**What is expected:** Look below for the line that has "Car Driving Reverse"; output exactly from it through the line that has "High angle view", and leave the pictures out.

**Data:**

--

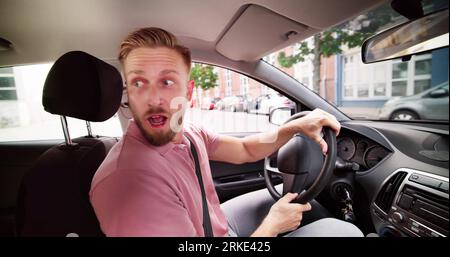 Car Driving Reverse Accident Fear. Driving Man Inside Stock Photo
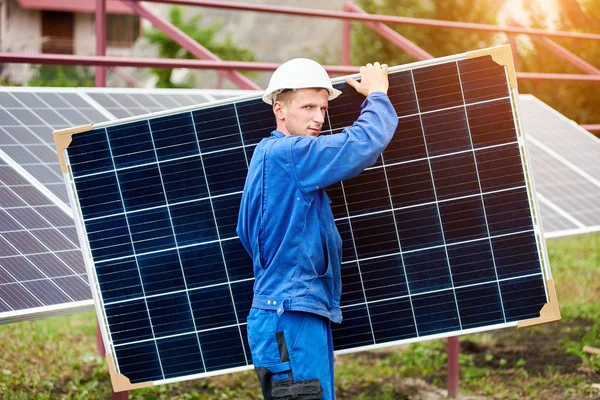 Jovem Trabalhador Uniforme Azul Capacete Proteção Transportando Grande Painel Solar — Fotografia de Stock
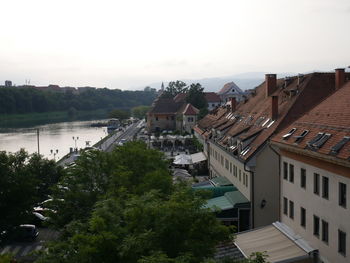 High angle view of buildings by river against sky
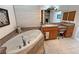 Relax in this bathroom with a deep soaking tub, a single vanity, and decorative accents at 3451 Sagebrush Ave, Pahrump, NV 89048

--

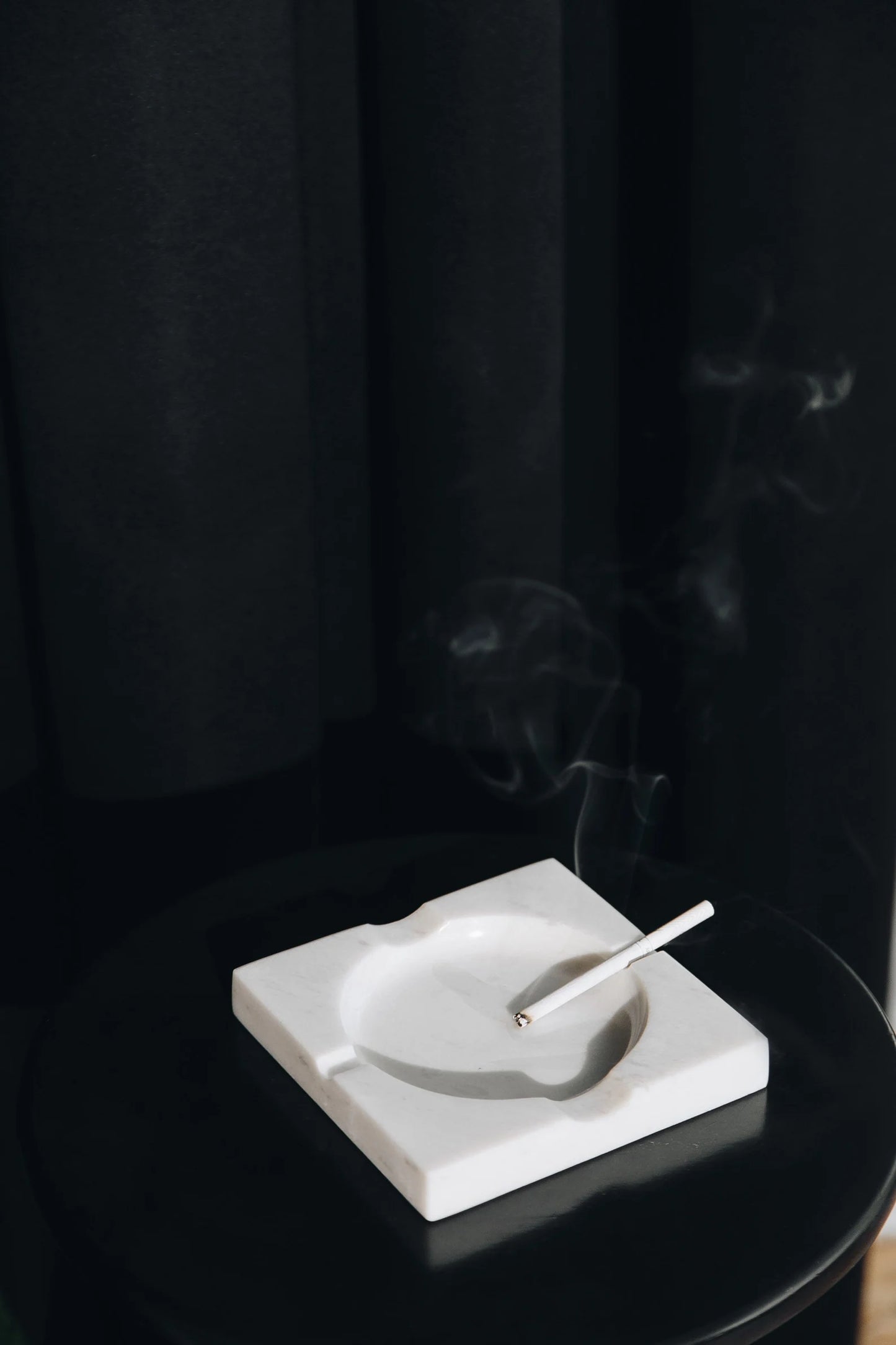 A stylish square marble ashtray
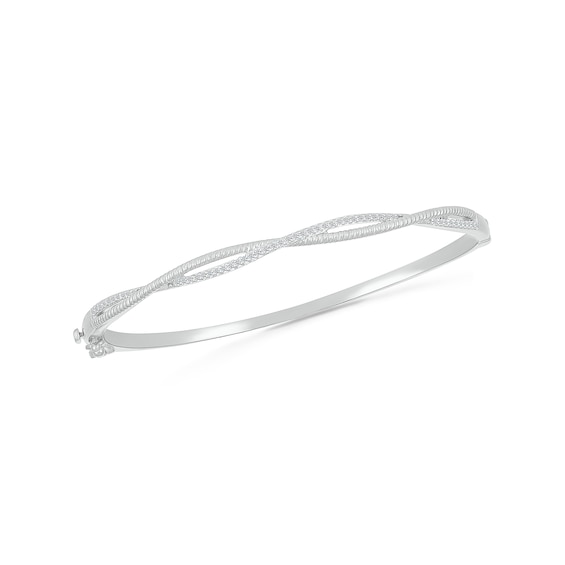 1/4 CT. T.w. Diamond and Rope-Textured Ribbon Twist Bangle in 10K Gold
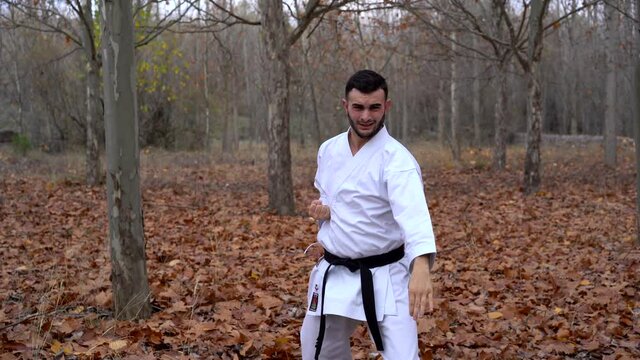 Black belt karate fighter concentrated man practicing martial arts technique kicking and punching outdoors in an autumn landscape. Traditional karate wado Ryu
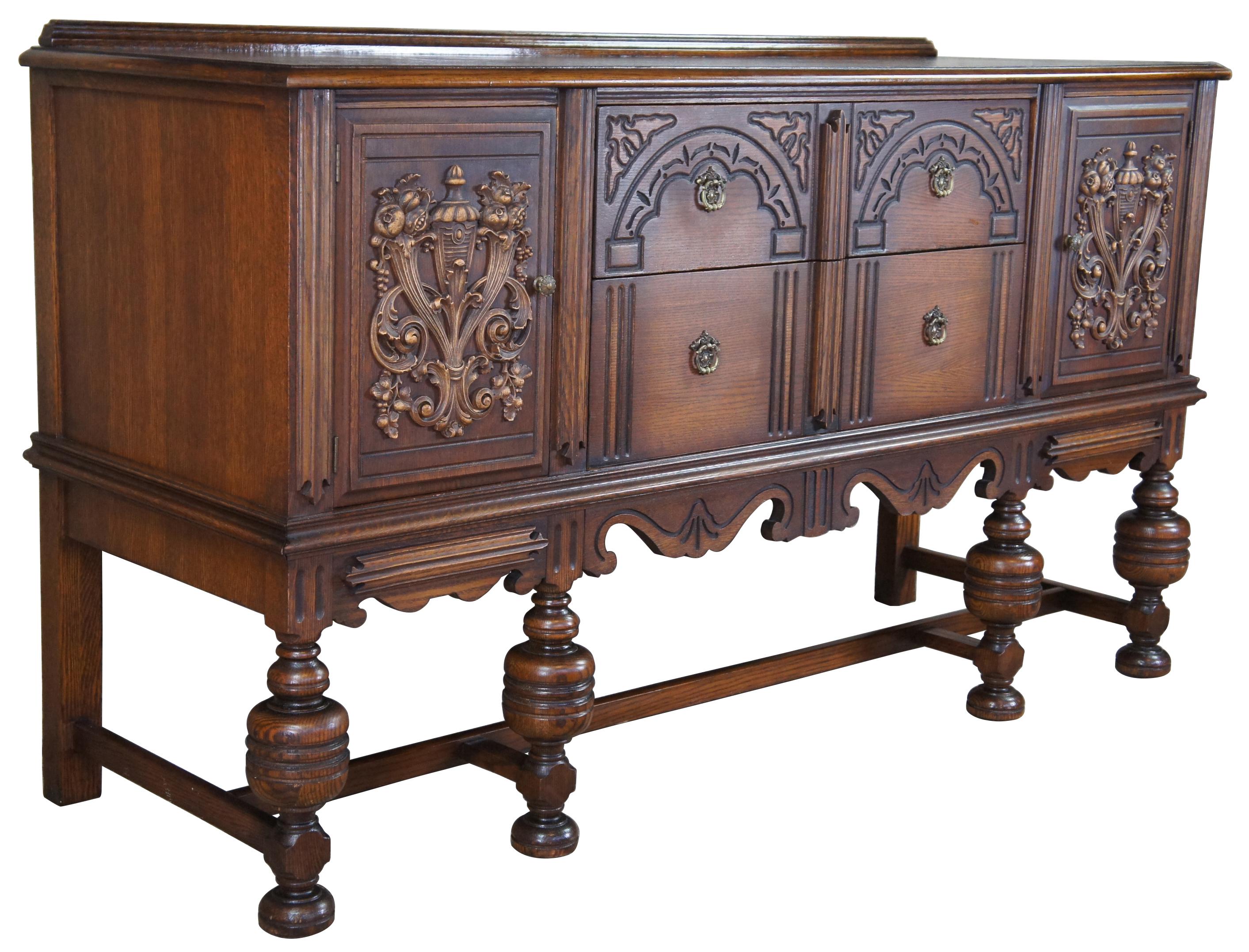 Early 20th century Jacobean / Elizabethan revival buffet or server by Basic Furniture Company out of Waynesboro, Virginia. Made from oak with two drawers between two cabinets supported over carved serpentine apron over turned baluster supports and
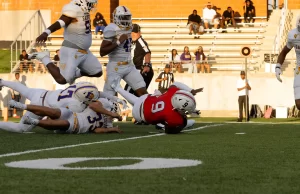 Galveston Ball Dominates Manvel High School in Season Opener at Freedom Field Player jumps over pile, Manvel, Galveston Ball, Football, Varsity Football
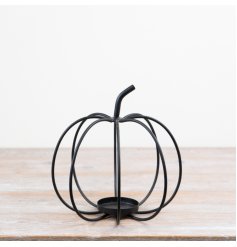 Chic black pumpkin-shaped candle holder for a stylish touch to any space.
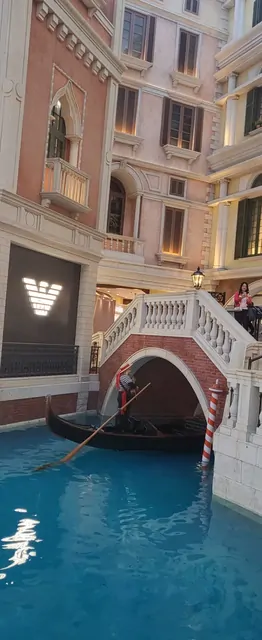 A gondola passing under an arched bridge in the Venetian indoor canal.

--

**Your solution:**
 Car Driving Reverse Accident Fear. Driving Man Inside Stock Photo
 Jovem Trabalhador Uniforme Azul Capacete Proteção Transportando Grande Painel Solar — Fotografia de Stock
 High angle view of buildings by river against sky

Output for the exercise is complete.